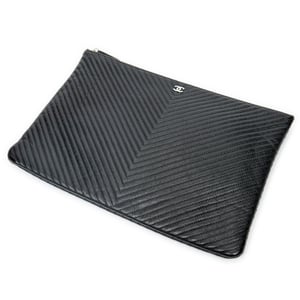 Large Chevron O-Case Zip  Clutch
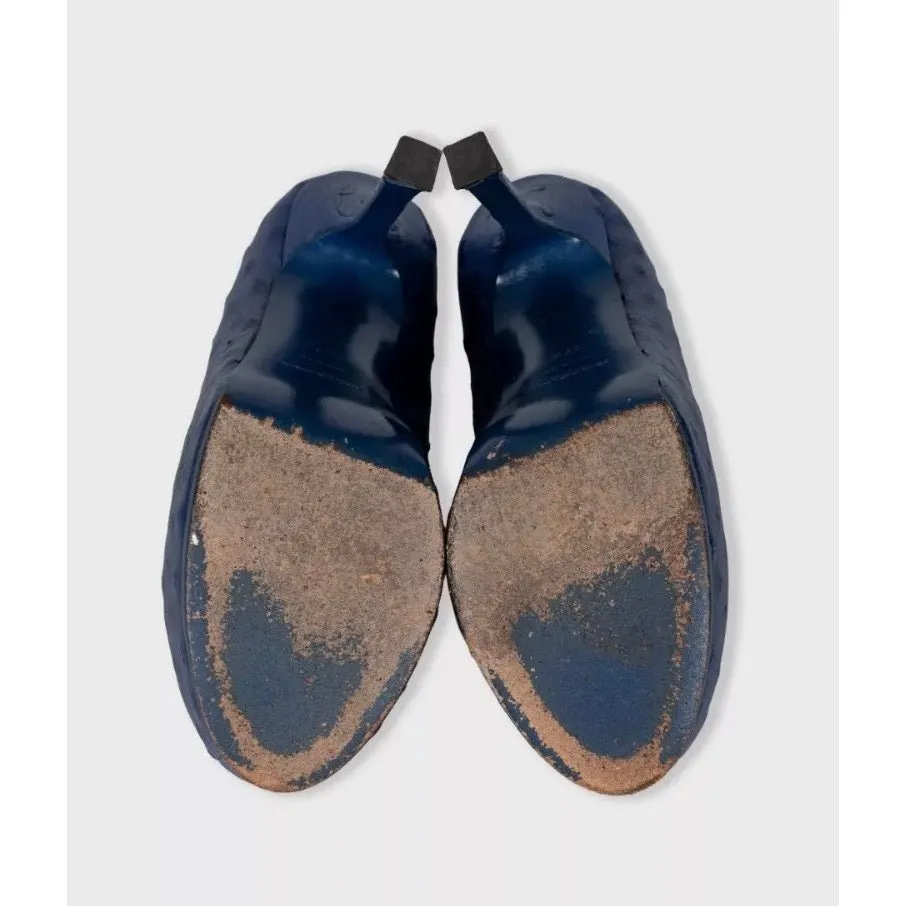 Saint Laurent Blue Leather Platform Stiletto Pumps 37.5 pre-owned Blue Leather Good - Box View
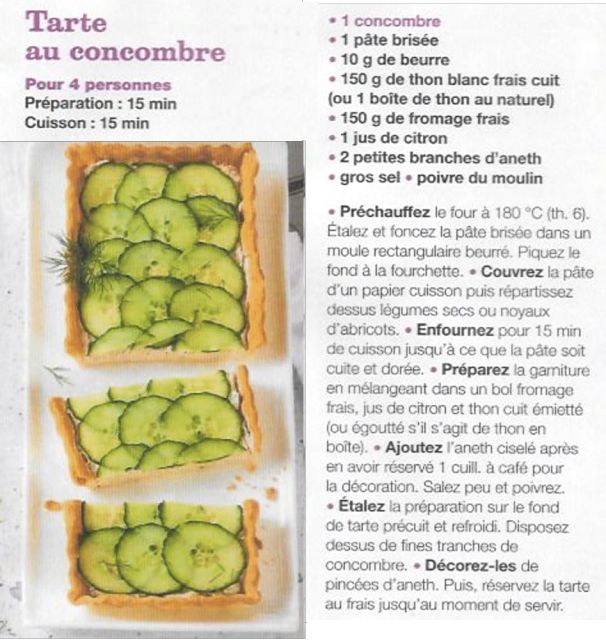 recette de la tarte aux concombres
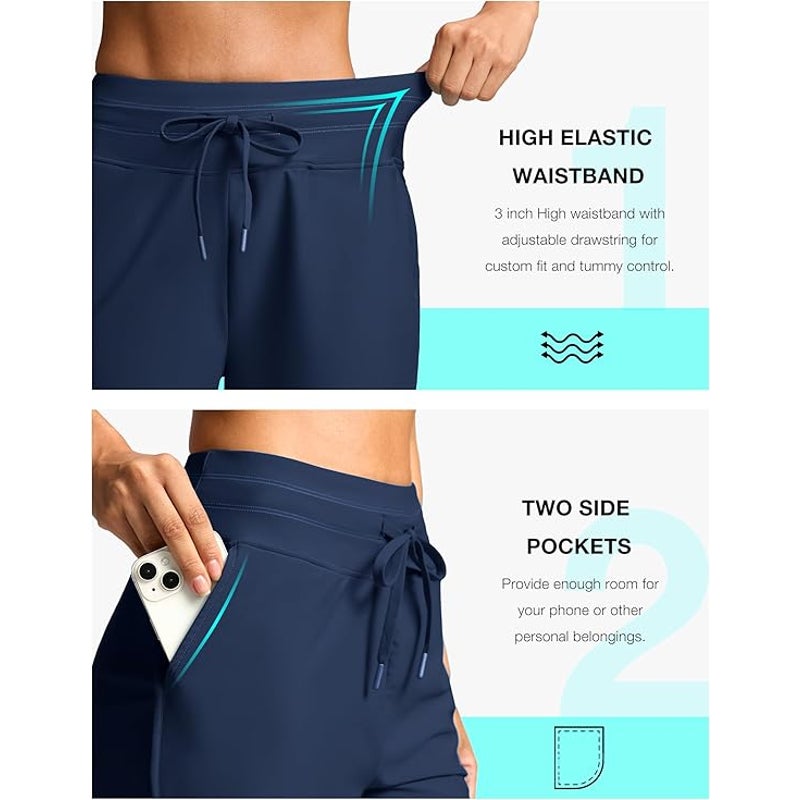 NWT New G Gradual Womens XL Navy High Waisted Drawstring Waist Lined Swim Shorts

EXERCISE PROMPT – Leaving out every picture, extract verbatim the lines from the one containing "Saint Laurent Blue" through the last line of the listing, inclusive.

SOLUTION FOR THIS TASK –
 Saint Laurent Blue Leather Platform Stiletto Pumps 37.5 pre-owned Blue Leather Good - Box View
 recette de la tarte aux concombres
 NWT New G Gradual Womens XL Navy High Waisted Drawstring Waist Lined Swim Shorts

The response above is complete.